What constitutes real criminal-justice reform?
Advocates have warned for years that it’s a mistake to limit sentencing reforms to nonviolent drug offenses. Marie Gottschalk explores this in depth in a penetrating critique of the reform movement in Caught: The Prison State and the Lockdown of American Politics, where she talks about the policies aimed only at “non, non, nons” (nonviolent, nonserious, nonsexual offenses).
In fact, dividing the criminal world into violent and nonviolent is a “demonstrably false” construct to begin with, as Katherine Beckett argued in this recent American Prospect article, in part because drug offenders often have committed violence, while violent offenders are among the least likely to commit new offenses.
And yet public opinion favors reducing our over-reliance on prisons — but not for the majority of prisoners who are serving long sentences for violence and other serious offenses. Perhaps that’s because the public believes, against all evidence, that crime remains in a perpetual upward spiral (actually, and despite alarming spikes in some cities’ violent crime recently, crime of all types has fallen dramatically for the past 20-plus years).
In my latest article, written for TakePart, I look at the ups and downs of criminal-justice reform in a deep-red state, Oklahoma, and ask whether its efforts are doomed to irrelevance. The state can barely make progress toward the most minimal drug-offense reforms, much less toward reforms that might put a bigger dent in a system that practically everyone involved agrees is unaffordable, ineffective, and overly punitive.

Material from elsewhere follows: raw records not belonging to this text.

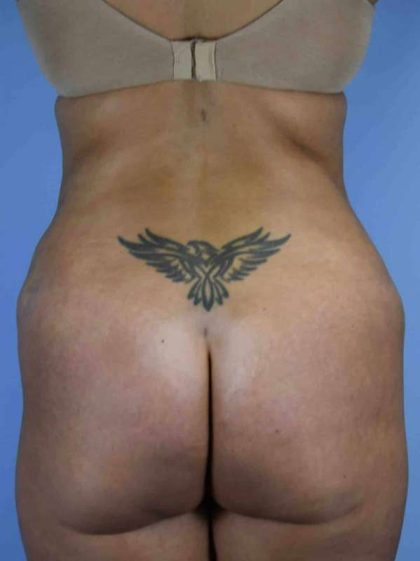 Tummy Tuck Before & After Patient #10742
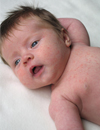 Case 1 A Newborn Baby Whose Older Sibling Has Moderately Severe Atopic Dermatitis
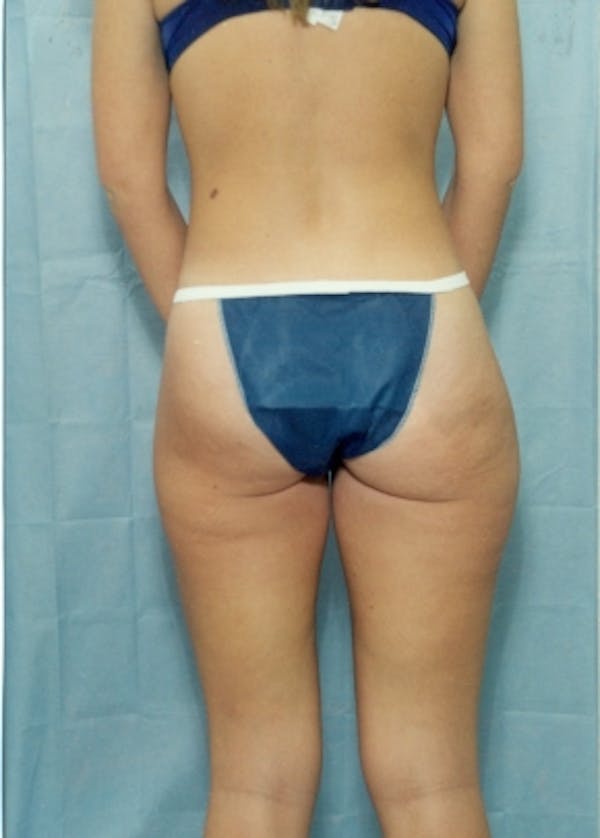 Liposuction and Smartlipo Before & After Gallery - Patient 5883356 - Image 1
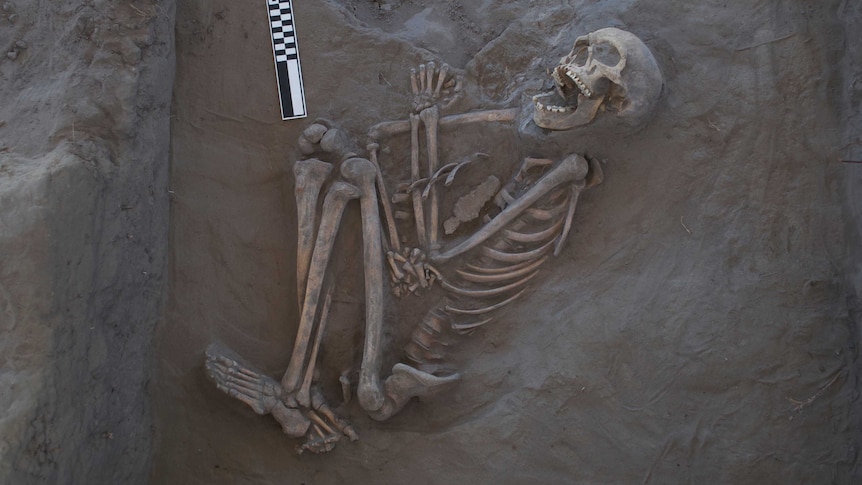 The skeleton of an aboriginal man who came to a grisly end, preserved in the banks of the Darling River in Northern NSW.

The story is about more than just Oklahoma. It’s a look at justice reinvestment, a nonpartisan approach to reducing mass incarceration through policies aimed at achieving lower crime and lower imprisonment. Researchers in dozens of states have found savings in reducing the use of prisons, and advised plowing those savings into crime prevention programs. Conservatives from groups like Right on Crime support such efforts. For some on the left, that’s enough reason to oppose it, or at least look at it very skeptically. But, like many other red states that have gone before it, Oklahoma is trying to take these baby steps before making bolder moves. The question is whether success, as they define it, will be enough.

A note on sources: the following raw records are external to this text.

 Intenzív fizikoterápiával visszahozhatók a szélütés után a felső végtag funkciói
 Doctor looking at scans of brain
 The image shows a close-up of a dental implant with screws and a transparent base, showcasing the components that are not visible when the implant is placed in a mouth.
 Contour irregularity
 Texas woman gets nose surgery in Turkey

The timing of this assessment of Oklahoma’s fitful progress coincidentally comes as Congress admits it is too divided to take up the modest reforms — focused mainly on nonviolent drug offenses — that it has wrestled with, and watered down in efforts at compromise, for the past couple of years.

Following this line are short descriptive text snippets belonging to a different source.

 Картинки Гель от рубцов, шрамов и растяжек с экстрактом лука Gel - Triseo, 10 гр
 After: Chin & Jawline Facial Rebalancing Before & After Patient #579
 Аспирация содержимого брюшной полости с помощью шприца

My story appears in a package of stories on criminal justice titled “Violence and Redemption,” with stories on rehabilitation programs for people who committed violent offenses (by Rebecca McCray), forgiveness and victim-offender dialog (by Jessica Pishko), and several others as part of TakePart’s “Big Issues” series, an ambitious project using longform journalism to explore … yes, big issues. This was my second story for TakePart, which is part of the documentary and film production company Participant Media. Last December I wrote about police reform, with a look at what’s happening in Minneapolis. I appreciate this publication’s dedication to telling in-depth stories about criminal justice, as part of its larger agenda promoting social awareness. What my editors and I liked about both stories is that they defied easy answers. They are, instead, about the struggle to address crime in constructive ways — and in ways that move beyond the broken systems of the past.